Intervention de Agnès Buzyn

Réunion du jeudi 12 septembre 2019 à 14h30
Commission spéciale chargée d'examiner le projet de loi relatif à la bioéthique

Agnès Buzyn, ministre des Solidarités et de la Santé :

Je n'ai pas été assez précise, pardonnez-moi. La façon dont nous allons procéder vise à éviter toute pénurie de gamètes. Dès que la loi sera promulguée, nous avons prévu de mettre en place le registre à l'Agence de la biomédecine, tout en continuant à utiliser le stock de gamètes existant. Dans l'attente de la constitution du registre, qui prendra peut-être huit mois, il sera proposé aux nouveaux donneurs de se faire connaître lors du changement de régime, s'ils veulent basculer vers le nouveau régime.

Dès que le registre sera constitué à l'Agence de la biomédecine, on demandera à tous les nouveaux donneurs leur consentement. On constituera alors un stock parallèle. Cette phase, durant laquelle cohabiteront deux types de gamètes et d'embryons, durera environ un an. Cependant, les dons ne viendront que de l'ancien stock, que nous continuerons ainsi d'écluser. Il n'y aura pas d'enfants nés à la même date qui auront, pour les uns, accès à leurs origines, et seront pour les autres, privés de cet accès. Pour l'égalité des droits des enfants, les couples ne pourront pas choisir entre les deux régimes.

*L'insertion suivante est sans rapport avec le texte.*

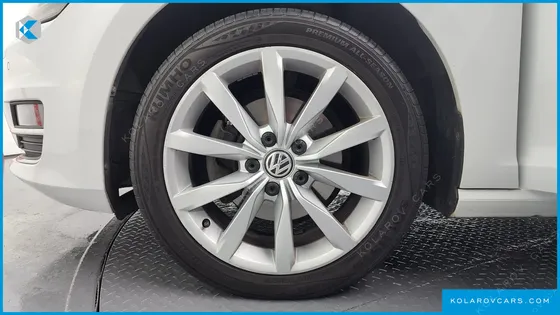 VOLKSWAGEN GOLF 2.0 TDI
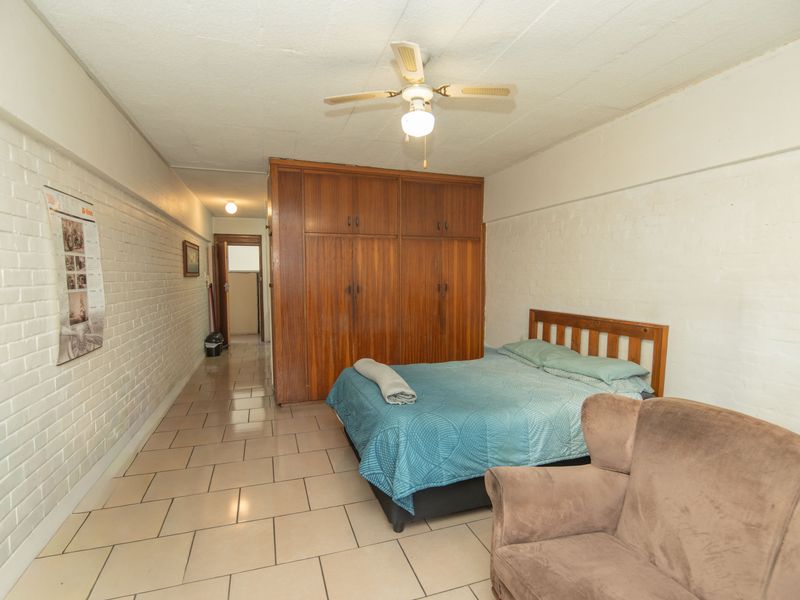 HUMEWOOD STUDIO / BACHELOR APARTMENT WITH PARKING FOR SALE - Photo 4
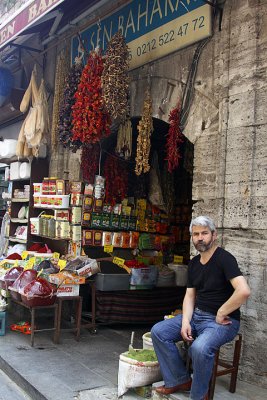 Istanbul merchant.jpg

Lorsque l'on estimera que le nouveau stock suffisant, on basculera, par décret, de façon brutale, vers le nouveau régime. Tous les enfants nés d'un don réalisé après cette date seront placés sur le même pied d'égalité.

Lorsque les lois de bioéthiques antérieures ont été rédigées, nous pensions que les embryons surnuméraires offerts à l'accueil seraient utilisés. Force est de constater que très peu d'embryons sont dans ce cas – 19 l'année dernière. Cela explique qu'un stock se soit constitué. En réalité, les couples n'arrivent pas à se projeter dans un embryon issu d'un projet parental formé par d'autres. Il faut l'accepter : les couples veulent leurs propres gamètes, leurs propres embryons, et le transfert d'embryons n'intéresse personne.

Vous proposez que l'on recontacte les couples pour leur demander l'autorisation de basculer dans le nouveau régime. Nous refusons de le faire, comme pour les gamètes. Car nous considérons que lorsque le don a été réalisé, le contrat moral était que les donneurs resteraient dans l'anonymat. Le simple fait de les appeler par téléphone constituerait une effraction.

Imaginez des couples qui ont donné leurs embryons pour un autre projet parental, sans parvenir à avoir un enfant par AMP. Ils ont fait un don altruiste, mais ils n'ont pas forcément envie, dix ans plus tard, que l'on vienne leur dire quel a été le sort de leurs embryons. Nous pensons qu'il n'est pas éthique de retourner vers des personnes qui s'étaient vu promettre l'anonymat et qui pensaient qu'elles n'entendraient plus jamais parler des CECOS.

Nous proposons simplement de faire une campagne d'information afin que tous les donneurs des régimes antérieurs, qu'ils soient des couples ou des donneurs de gamètes, se fassent connaître s'ils souhaitent être enregistrés dans le nouveau registre de l'Agence de la biomédecine.

Cela ne peut être qu'un appel général. Nous ne voyons pas qui accepterait de contacter des couples, qui ont peut-être divorcé, qui ont eu une vie complexe, pour leur rappeler qu'ils n'ont pas eu d'enfants, mais que, quinze ans après, leurs embryons sont toujours conservés. Il nous semble que cela n'est pas éthique.

D'où le choix que nous avons fait. Je comprends qu'il puisse vous paraître violent, mais nous n'avons pas d'autre solution. Nous ne pouvons pas indéfiniment garder 20 000 embryons, placés sous l'ancien régime, qui sont là depuis des années parce que personne n'en veut, et qui ne seront jamais utilisés. J'espère avoir été claire.